One solution I have tried is to use hierarchical splines or hierarchical HSGPs to fit a curve to each individual. I’ve only had minor success with this since the number of individuals in my data is similar to yours (in the thousands). I actually put together an example of this that is HEAVILY based on example notebooks from the pymc examples (1, 2, 3). The main reason I wrote my own is because in the examples by @bwengals, the length of each series was the same. I wanted to understand if we could apply hierarchical splines/HSGPs if the series were of different length. It just took a little bit of thinking about the indexing, but it did seem to work very well for the toy problem. This is an approach I am actively exploring since it does allow for plateaus/increases.

I’ve thought about approaching this in a few other ways:

  1. If the curve is smooth (e.g., progressive decline of illness), then I visualize this in my mind as a basic equation of motion of a projectile. In the simplest case, if we have the initial velocity and angle, then we can calculate the path of the trajectory over time. In your case, one could think of the problem as each individual as having their own initial conditions plus added noise. This of course would make strong assumptions about the smoothness of the decline and may violate what you mentioned about plateaus and improvements. However, this may not be totally unacceptable since estimating plateaus/increases may be difficult w/o intervention. Additionally, estimating those parameters would be straightforward since its like fitting nonlinear regression in a traditional hierarchical format.

  2. I’ve explored the idea of fitting these types of curves using something like a hierarchical prophet; however, when I tried this I struggled with sampling/divergences. I would need to think quite a bit more about the components of the model if I were going to go down this route.

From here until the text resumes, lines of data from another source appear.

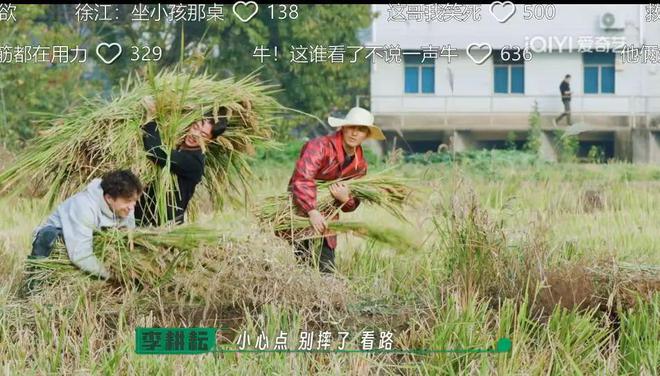 从豆瓣8.4到9.0分，这群认真种地的少年们，值得被所有人看见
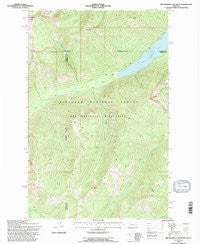 Big Salmon Lake West Montana Historical topographic map, 1:24000 scale, 7.5 X 7.5 Minute, Year 1994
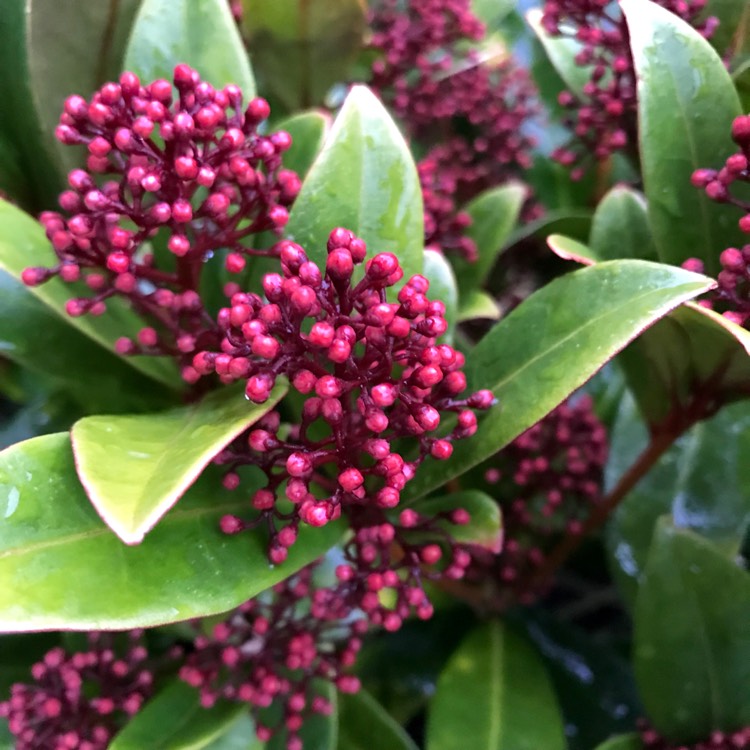 plant image 589452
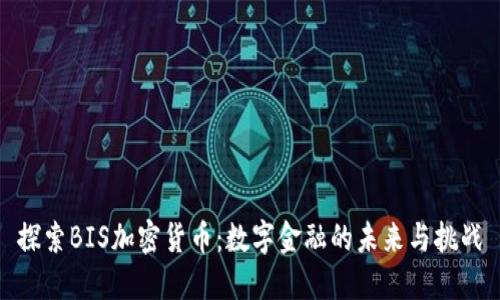 探索BIS加密货币:数字金融的未来与挑战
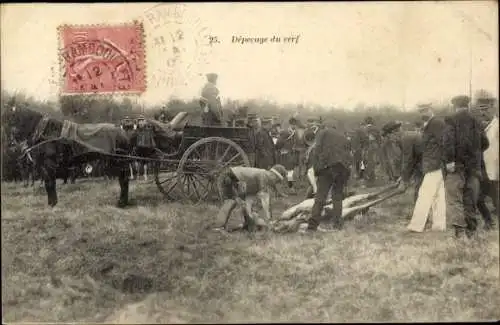 Ak Rambouillet Yvelines, Depecage du cerf apres la chasse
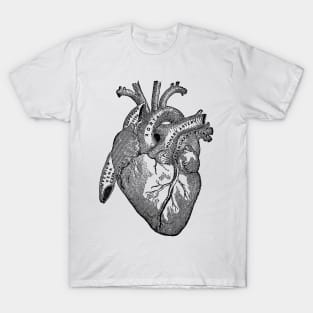 Antique Anatomy Illustration of Human Heart T-Shirt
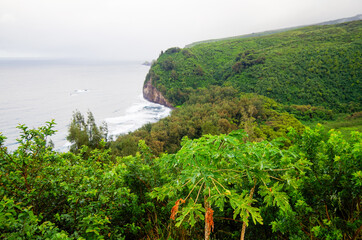 View from lookout over Pololu Valley coast line on misty or foggy day on Big Island in Hawaii with...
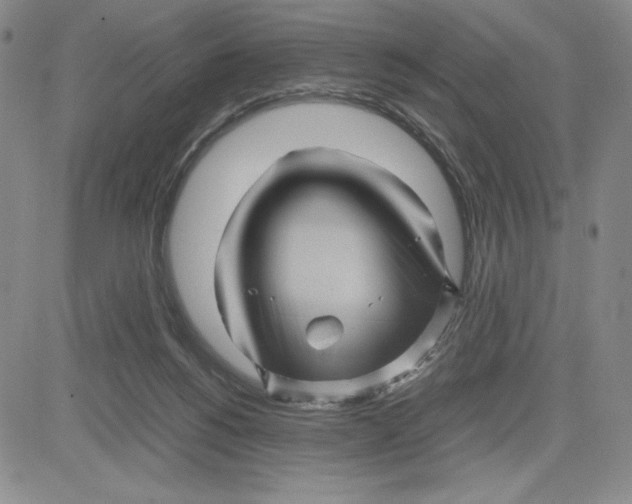 X0000080810168200701051159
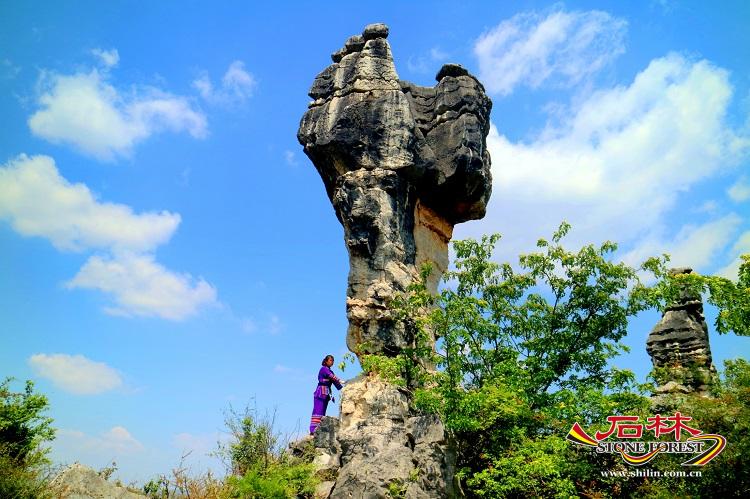 石林旅游网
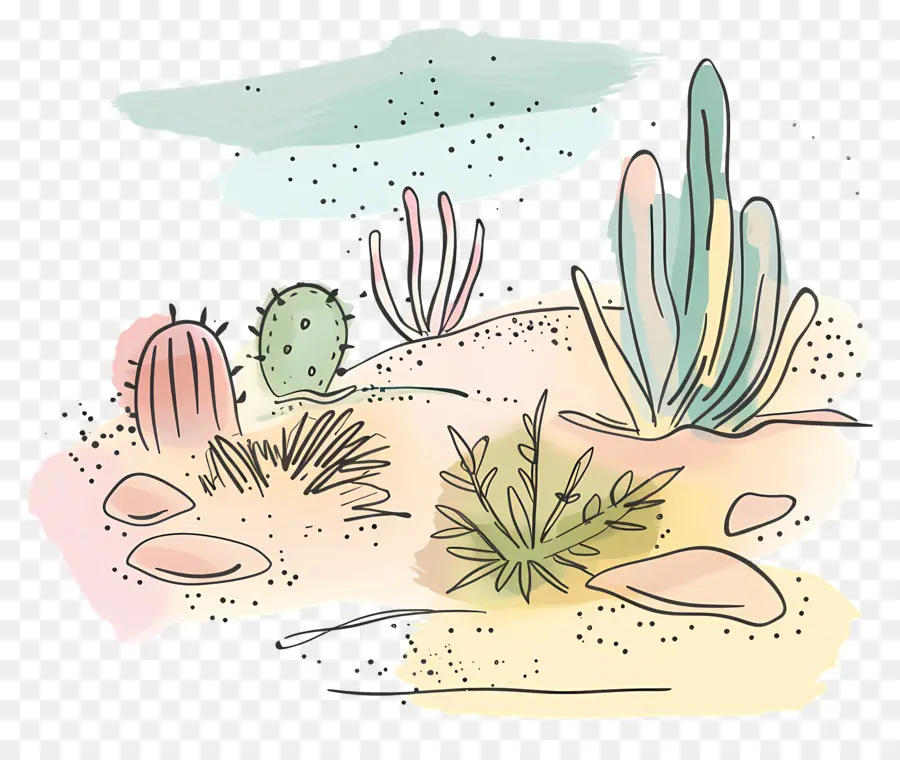 Desertificação De Combate，Plantas Cacti PNG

I do think it is possible to have this model work for this application. If I am thinking about patient decline correctly, I imagine this something like a constant offset over time + some slower Fourier component + faster Fourier component to capture noise. I’m just blindly shooting from the hip here so that may be completely wrong.

  3. A more advanced, and likely powerful, way to think about this problem is as an autoregressive problem. I’ve tried to dig into this quite a bit but had a hard time conceptualizing how I would go about solving this. I’ve played around with pm.AR but never got too far. In reality, since there are evolving dynamics where each time point is highly informed by the prior observation(s) (+ noise), this seems like the perfect place for a Kalman filter. I am really interested to dig a bit more into pymc_extras.statespace for something like this. I would recommend you watch the video by @jessegrabowski about his work on pymc_extras.statespace (discourse post). I am currently still working through the classic Time Series Analysis by State Space Methods, so I am not confident in my ability to provide guidance on this approach. If Jesse has any thoughts on this I would love to get his input!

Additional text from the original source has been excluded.